- [PROMPT]: The answer must be an exact copy of the lines from the one with "Oczywiście, zakres stron" to the last line of the entries below, both included, and must contain no pictures.

__________

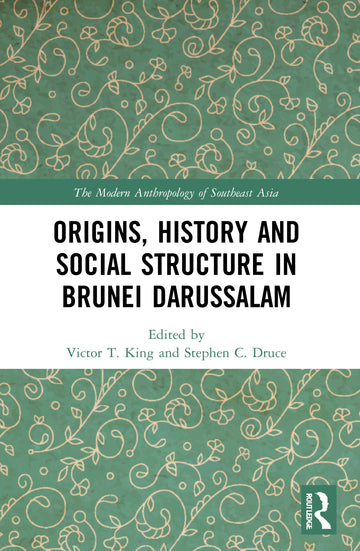 Origins, History and Social Structure in Brunei Darussalam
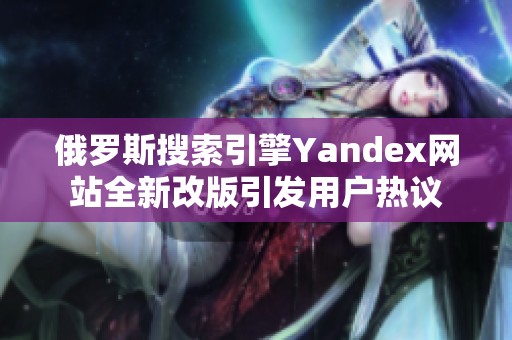 俄罗斯搜索引擎Yandex网站全新改版引发用户热议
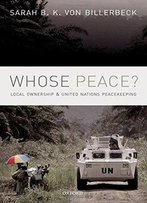Whose Peace?: Local Ownership And United Nations Peacekeeping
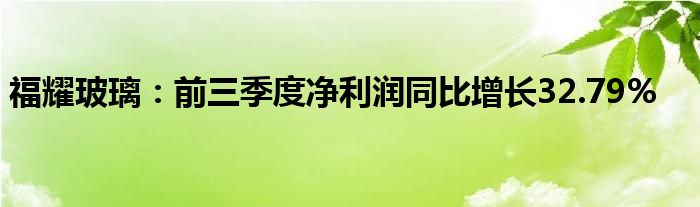 福耀玻璃:前三季度净利润同比增长32.79%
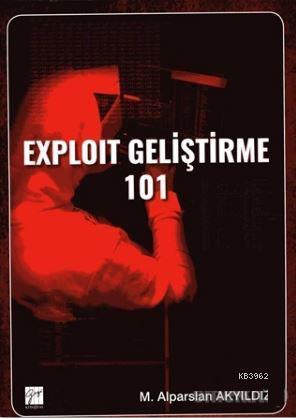 Exploit Geliştirme 101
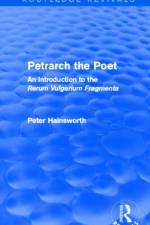 Petrarch the Poet (Routledge Revivals) af Peter (Oxford University) Hainsworth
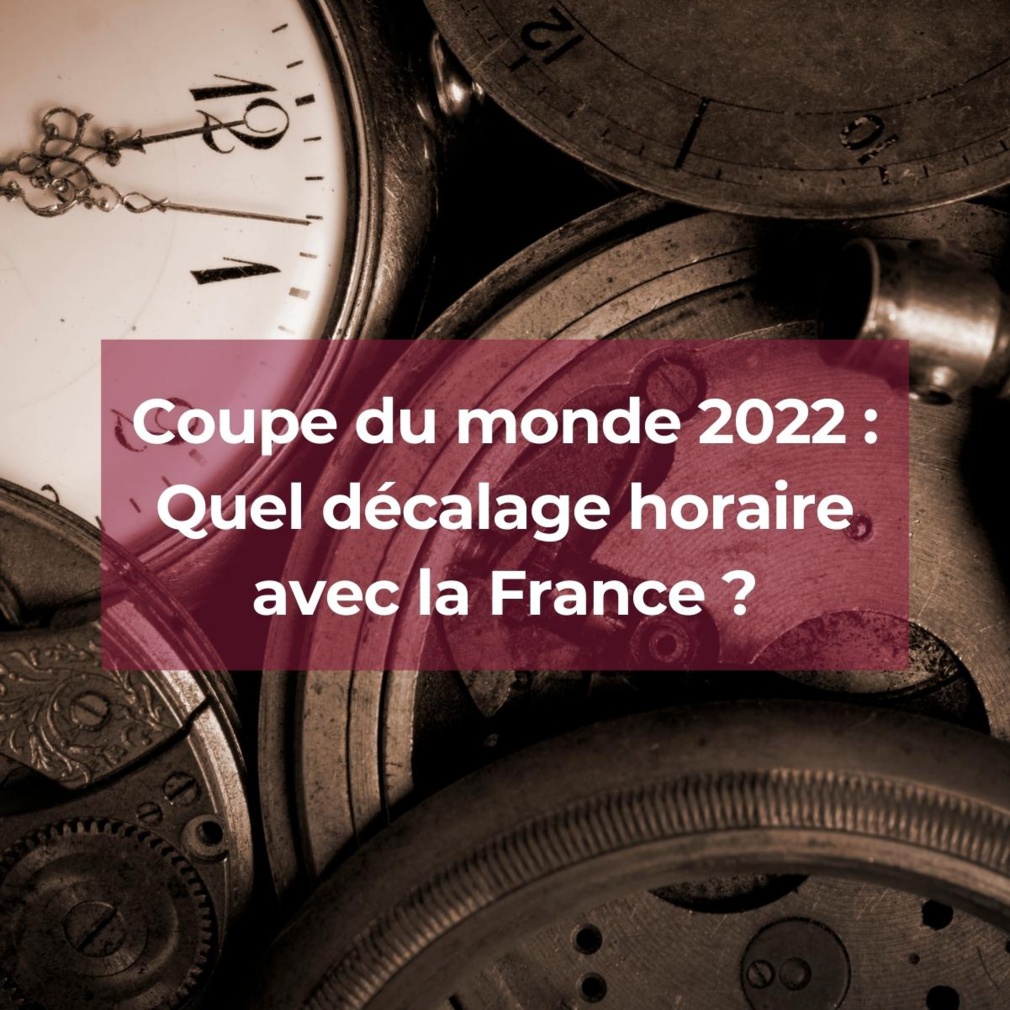 Coupe du monde 2022 : Quel décalage horaire avec la France ? Coupe du monde 2022 : Quel décalage horaire avec la France ?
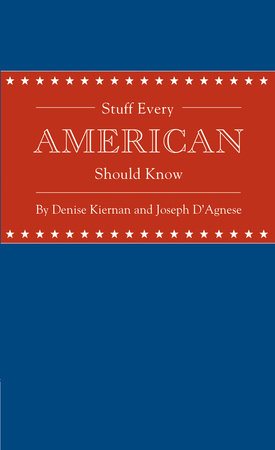 Stuff Every American Should Know by Denise Kiernan and Joseph D'Agnese
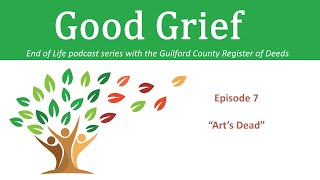 Good Grief Podcast Episode 7 - “Art’s Dead”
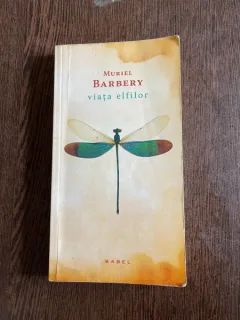 Muriel Barbery - Viata elfilor
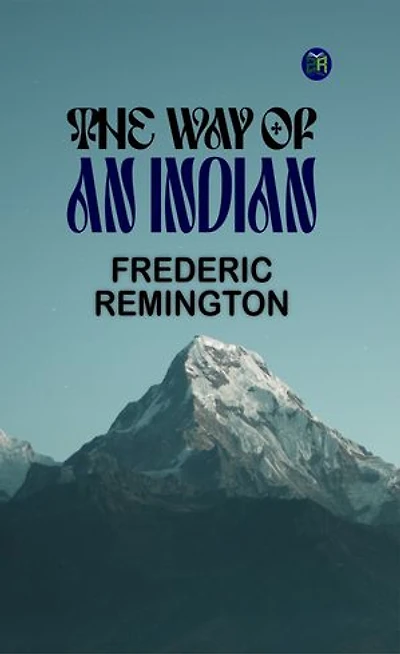 The Way of an Indian
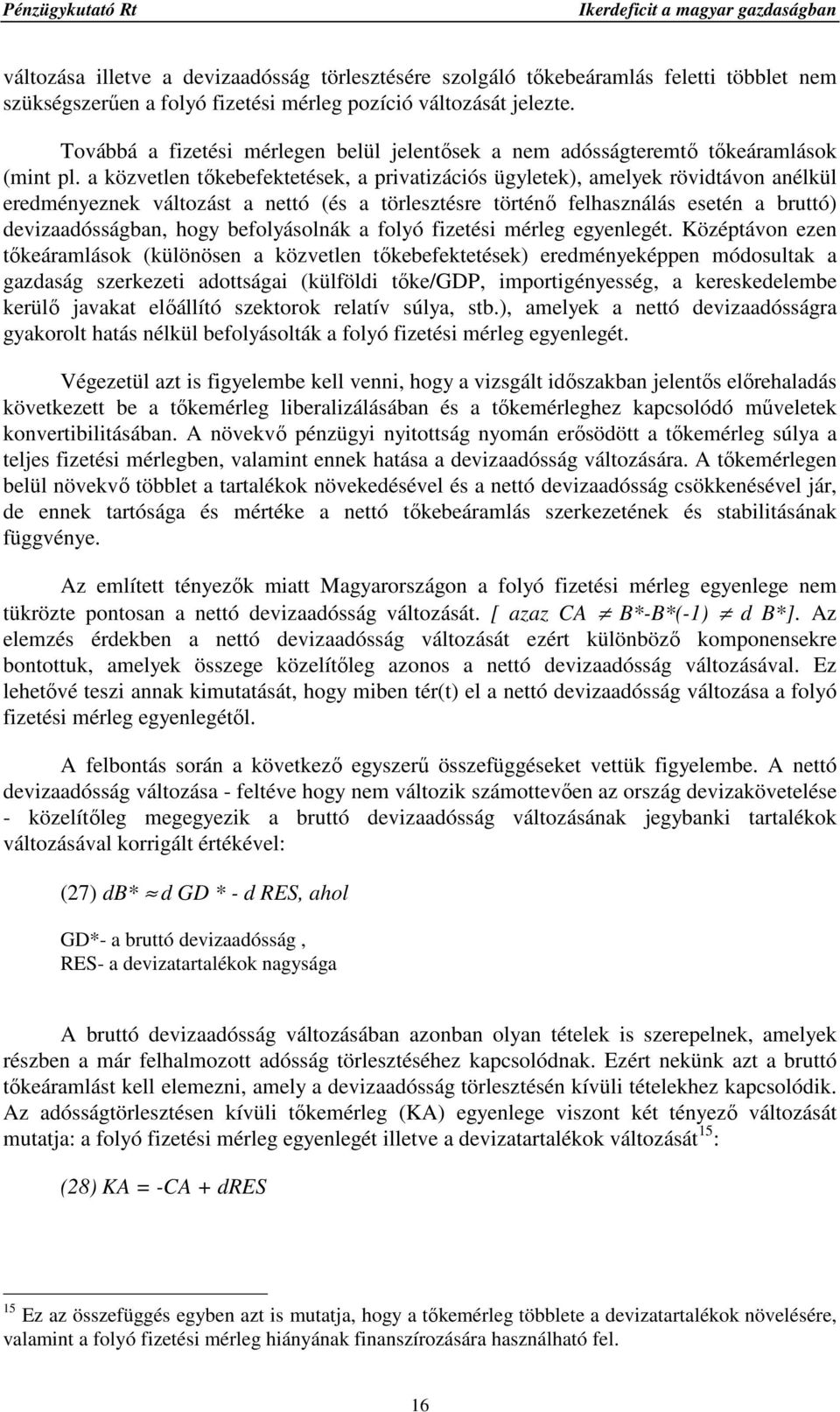 a közvetlen tıkebefektetések, a privatizációs ügyletek), amelyek rövidtávon anélkül eredményeznek változást a nettó (és a törlesztésre történı felhasználás esetén a bruttó) devizaadósságban, hogy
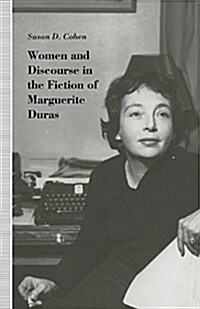 Women and Discourse in the Fiction of Marguerite Duras: Love, Legends, Language (Paperback)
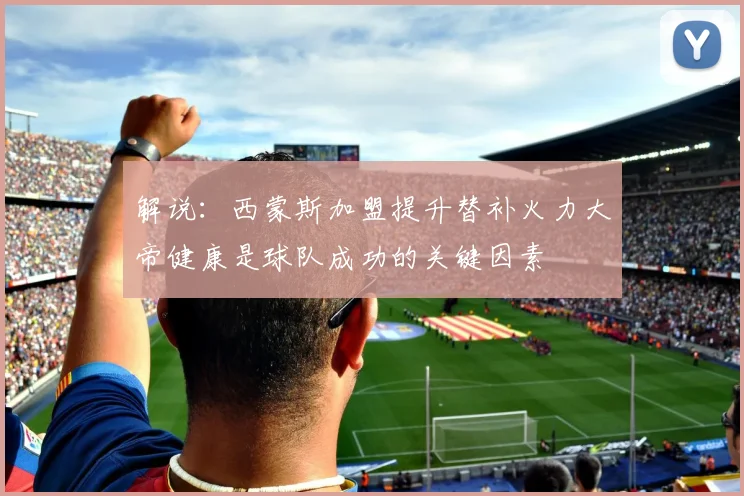 解说：西蒙斯加盟提升替补火力大帝健康是球队成功的关键因素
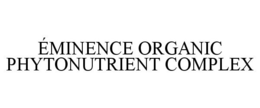 ÉMINENCE ORGANIC PHYTONUTRIENT COMPLEX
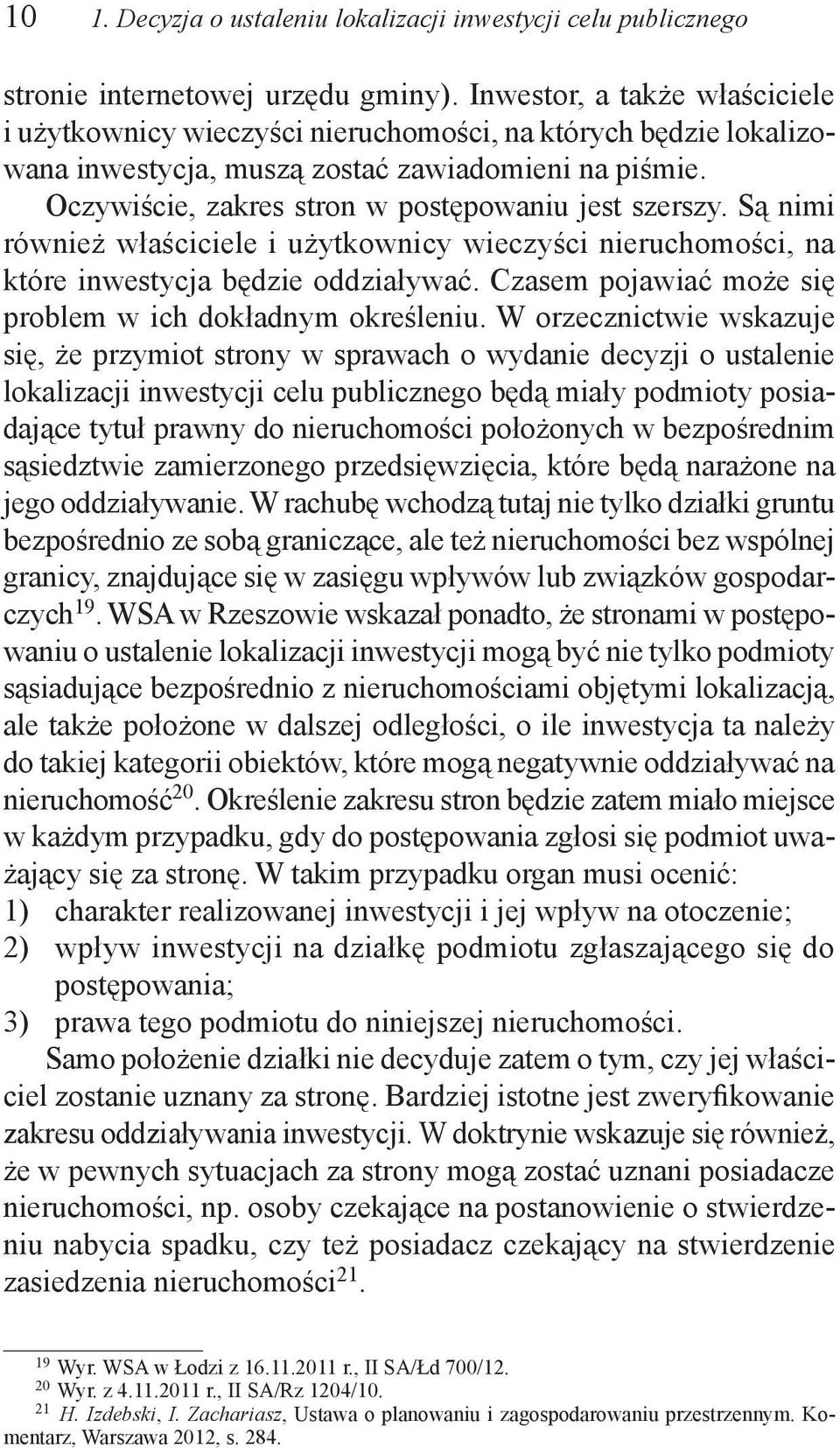 Oczywiście, zakres stron w postępowaniu jest szerszy. Są nimi również właściciele i użytkownicy wieczyści nieruchomości, na które inwestycja będzie oddziaływać.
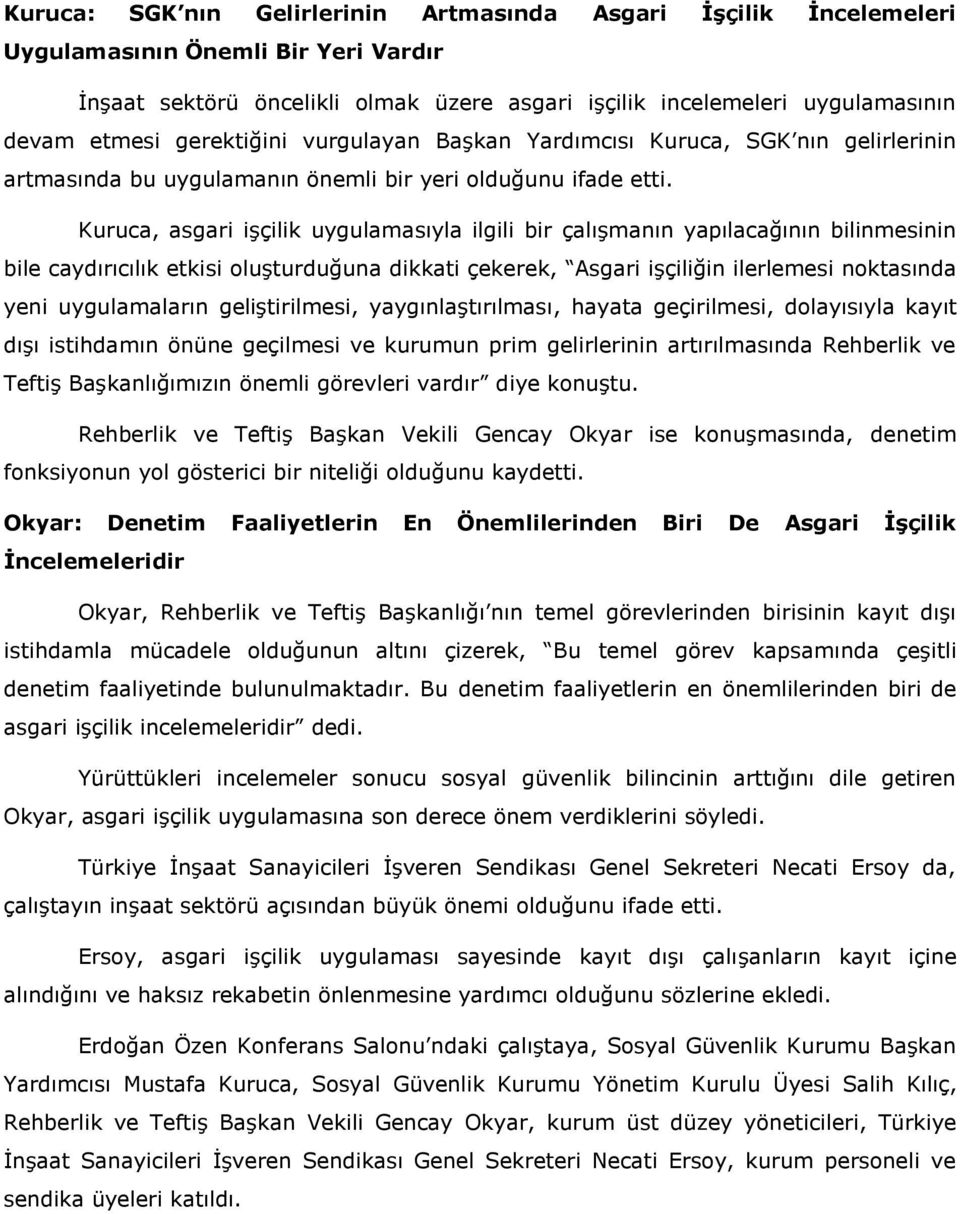 Kuruca, asgari işçilik uygulamasıyla ilgili bir çalışmanın yapılacağının bilinmesinin bile caydırıcılık etkisi oluşturduğuna dikkati çekerek, Asgari işçiliğin ilerlemesi noktasında yeni uygulamaların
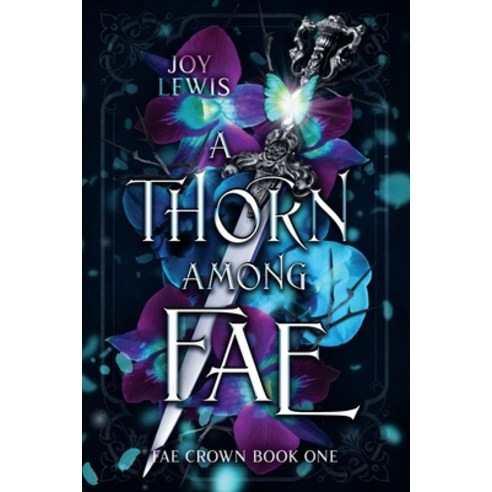 (영문도서) A Thorn among Fae Paperback, Joy Lewis, English, 9781953533098
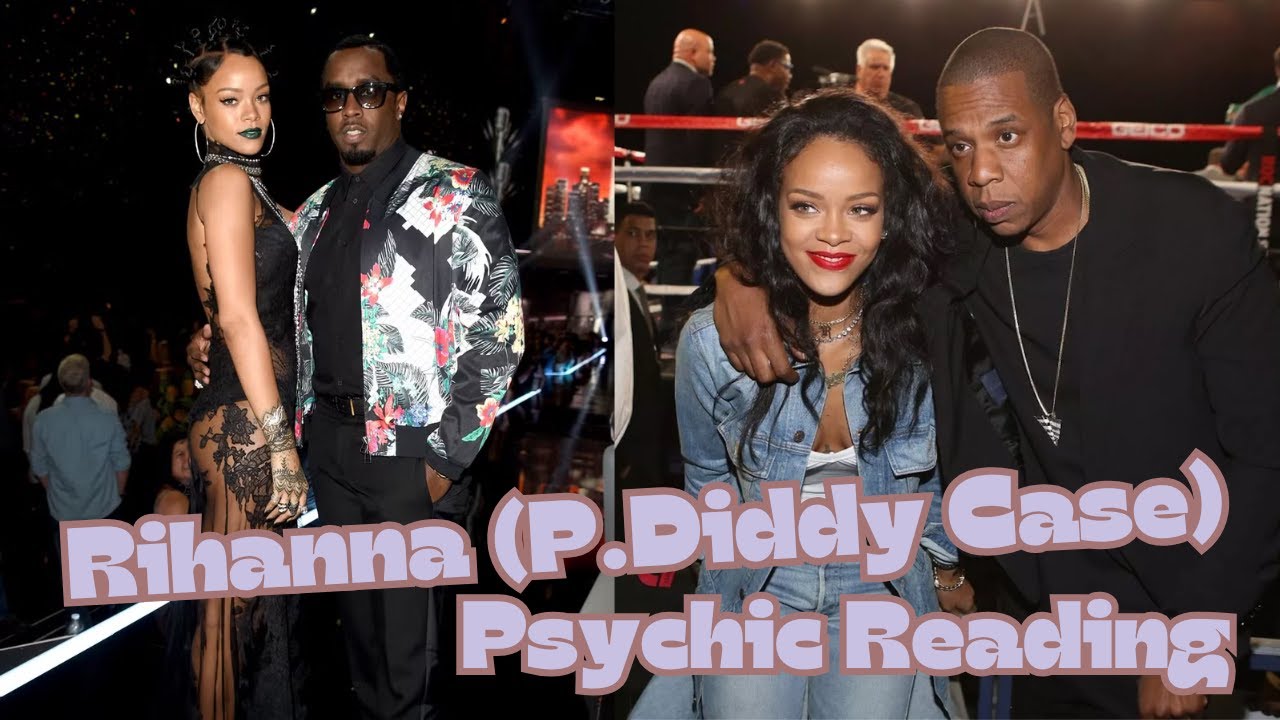 Rihanna Psychic Tarot Reading | Rihanna's Connection To P.Diddy & Jay-Z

__________

- [RESULT OF THIS EXERCISE]:
 Oczywiście, zakres stron w postępowaniu jest szerszy. Są nimi również właściciele i użytkownicy wieczyści nieruchomości, na które inwestycja będzie oddziaływać.
 Kuruca, asgari işçilik uygulamasıyla ilgili bir çalışmanın yapılacağının bilinmesinin bile caydırıcılık etkisi oluşturduğuna dikkati çekerek, Asgari işçiliğin ilerlemesi noktasında yeni uygulamaların
 (영문도서) A Thorn among Fae Paperback, Joy Lewis, English, 9781953533098
 Rihanna Psychic Tarot Reading | Rihanna's Connection To P.Diddy & Jay-Z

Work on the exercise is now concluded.